International Air Response (“plaintiff’) challenges a contracting officer’s decision that plaintiffs 1989 Exchange Agreement (the “Agreement”) with the United States Forest Service (the “Forest Service”) was illegal. The Agreement called for T & G Aviation, Inc. (plaintiffs predecessor), to provide three specified historic aircraft to museums designated by the Forest Service. In exchange plaintiff would receive three C-130 military transport airplanes that plaintiff could modify for air tanker use.

The Agreement is but one of numerous similar exchange agreements whereby the Forest Service provided surplus military transport planes to aviation companies in exchange for historic planes. See Aero Union Corp. v. United States, 47 Fed.Cl. 677 (2000). These Agreements have been the subject of multiple lawsuits. An independent airplane broker and a Forest Service official responsible for most Agreements, (although not plaintiffs Agreement) faced criminal charges with respect to their involvement in the airplane exchanges. See United States v. Fuchs, 218 F.3d 957 (9th Cir.2000). The Department of Agriculture, which has authority over the Forest Service, began to scrutinize plaintiffs and other aviation companies’ Agreements beginning in 1989, although no action was taken against plaintiff. Some of these companies, however, resorted to legal challenges against the Government’s attempts to void the Agreements. See Aero Union, 47 Fed.Cl. 677; Pacific Harbor Capital, Inc. v. United States Dep’t of Agriculture, 845 F.Supp. 1 (D.D.C.1993).

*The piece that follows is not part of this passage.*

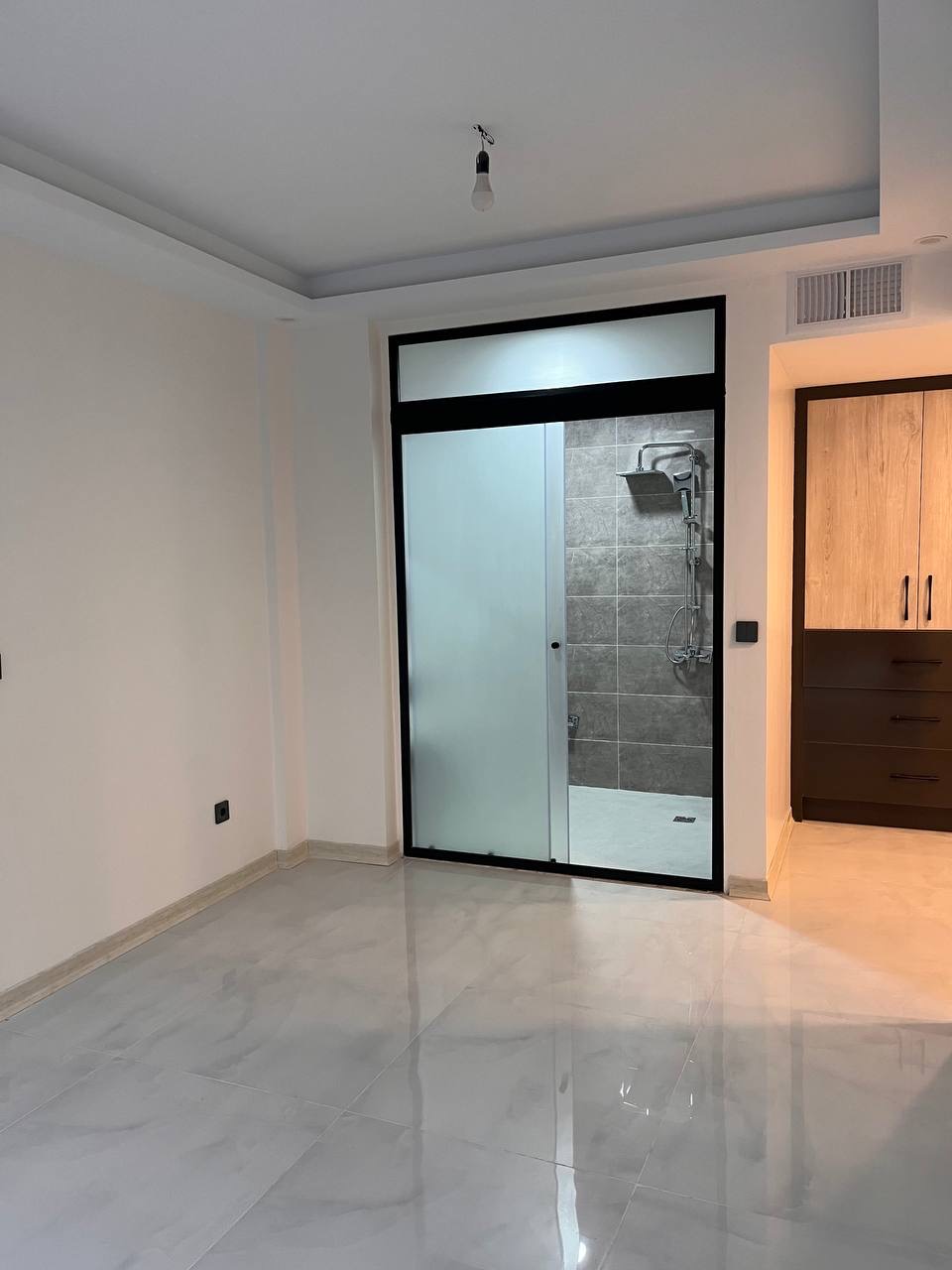 فروش آپارتمان 150 متر فول بازسازی شده تاپ لوکیشن دیباجی منظریه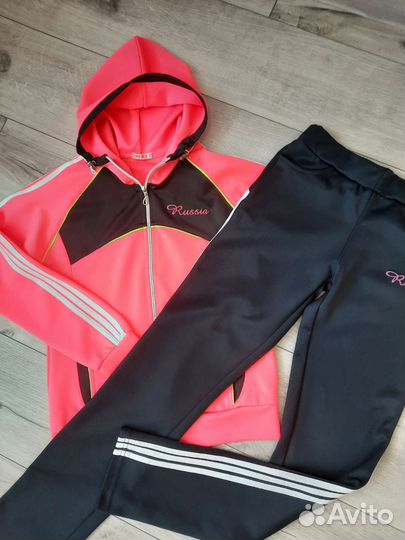 Костюмы, джинсы, кофточки р.42, 44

The litigation that generated the issue before the court involved a 1994 action brought under the False Claims Act, 31 U.S.C. § 3729 (1994), against all the aviation companies, including plaintiff, involved in the Forest Service’s aircraft exchange program. See United States ex rel. Eitel v. Reagan, 898 F.Supp. 734 (D.Or.1995). The Government originally declined to intervene in this qui tam action. However, after the district court dismissed the action and appellate briefing and argument were completed, the United States Court of Appeals for the Ninth Circuit allowed the Government to intervene in the case. The Government intervened against several defendants in the Eitel action, but not plaintiff. The circuit court then remanded the case to the Oregon federal district court, which, in turn, transferred the case to the United States District Court for the District of Arizona. The Government filed an amended complaint naming plaintiff as an Eitel defendant. Plaintiff (now a defendant in Eitel) responded on April 29, 1998, with a motion for summary judgment against the Government’s amended complaint.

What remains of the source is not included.